Will the Large Hadron Collider & IDT Finally Agree That The Answer is 42?
10-04-2015 | By Paul Whytock
Most of us have heard of the Large Hadron Collider (LHC) at Cern in Switzerland, the machine tasked with smashing particles of matter together to simulate the conditions in the moments after the Big Bang, generally regarded as the creation of the Universe.
However, for some of us, the legendary author of the excellent Hitch Hikers Guide To The Galaxy, Douglas Adams, already answered the “Ultimate Question of Life, The Universe, and Everything.”
In Adams’ world, a supercomputer, Deep Thought, churned away for 7½ million years to compute and check the answer and concluded it was 42. However, Deep Thought pointed out that the answer was meaningless because the beings who instructed it never actually knew what the question was.
The Large Hadron Collider is computationally demanding when it comes to analysis
So, back to the real yet somewhat science-fictional world of the LHC. In addition to being the largest single machine globally, the LHC is also one of the most computationally demanding when it comes to analysing its findings.
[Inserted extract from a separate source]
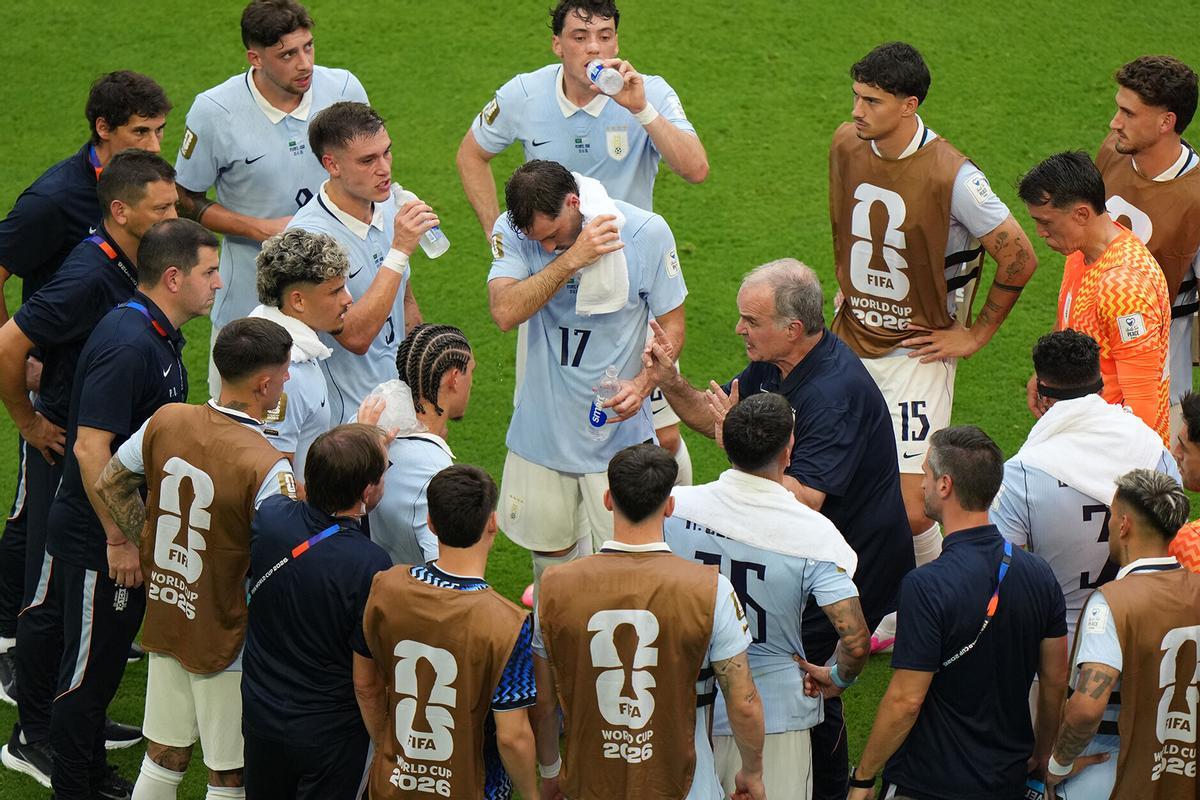 El seleccionador de Uruguay, Marcelo Bielsa (c), da indicaciones en el partido del grupo H del Mundial 2026 ante Arabia Saudí en el estadio Hard Rock en Miami. EFE/Alberto Boal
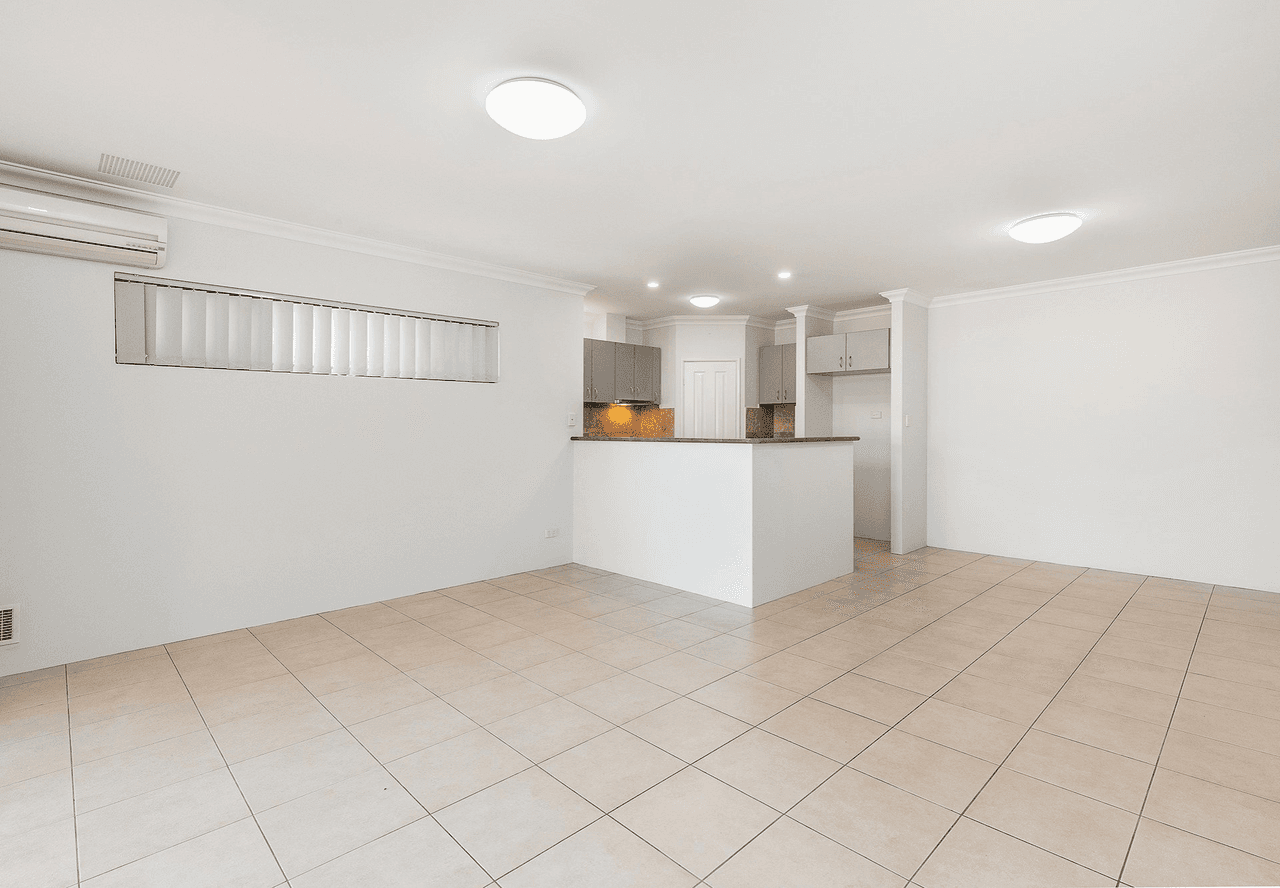 4/82 Rangeview Road, LANDSDALE, WA 6065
The experiments in the Large Hadron Collider produce about 15 petabytes of data per year. In July 2012, it was revealed that the operators of the LHC collected about 200 petabytes of data from the 800 trillion collisions created looking for the Higgs boson.
Just to put that in perspective, a petabyte equals 1,000,000,000,000,000 bytes, so we are talking about biblical amounts of number crunching.
Low-latency RapidIO interconnect technology for efficient analysis of mass data
To help with this, the US electronics company Integrated Device Technology (IDT) has signed up to a three-year agreement with CERN to provide low-latency RapidIO interconnect technology. This will be employed to improve the efficient analysis of mass data from the LHC.
Teams from IDT and CERN will use the IDT technology to improve the quality and timeliness of this data collection and the initial analysis and reconstruction work at the experiments’ data farms and the CERN Data Centre.
The LHC produces millions of collisions every second and generates approximately one petabyte of data per second. The RapidIO technology provides a low-latency connection between clusters of computer processors. Used for 4G base stations, IDT’s low-latency RapidIO products can also enable real-time data analytics and data management.
IDT’s current RapidIO 20 Gbps interconnect products will be used in the first stage of the collaboration with an upgrade path to RapidIO 10xN 40 Gbps technology in the future as research at CERN progresses.
Because of the volume of real-time data CERN collects, current implementations use custom-built ASIC hardware. Using algorithms implemented in hardware, the data is sampled, and only 1% is selected for further analysis.
The collaboration is based on industry-standard IT form factor solutions suitable for deployment in HPC clusters and data centres. Engineers will use heterogeneous servers based on specifications from RapidIO.org that are targeted toward the Open Compute Project High-Performance Computing initiative that IDT co-chairs.
The computing platform used for the collaboration is based on commercially available RapidIO-enabled 1U heterogeneous servers capable of supporting industry-standard servers, GPU, FPGA and low-power 64-bit SoCs, as well as top-of-rack RapidIO switches available from Prodrive Technologies.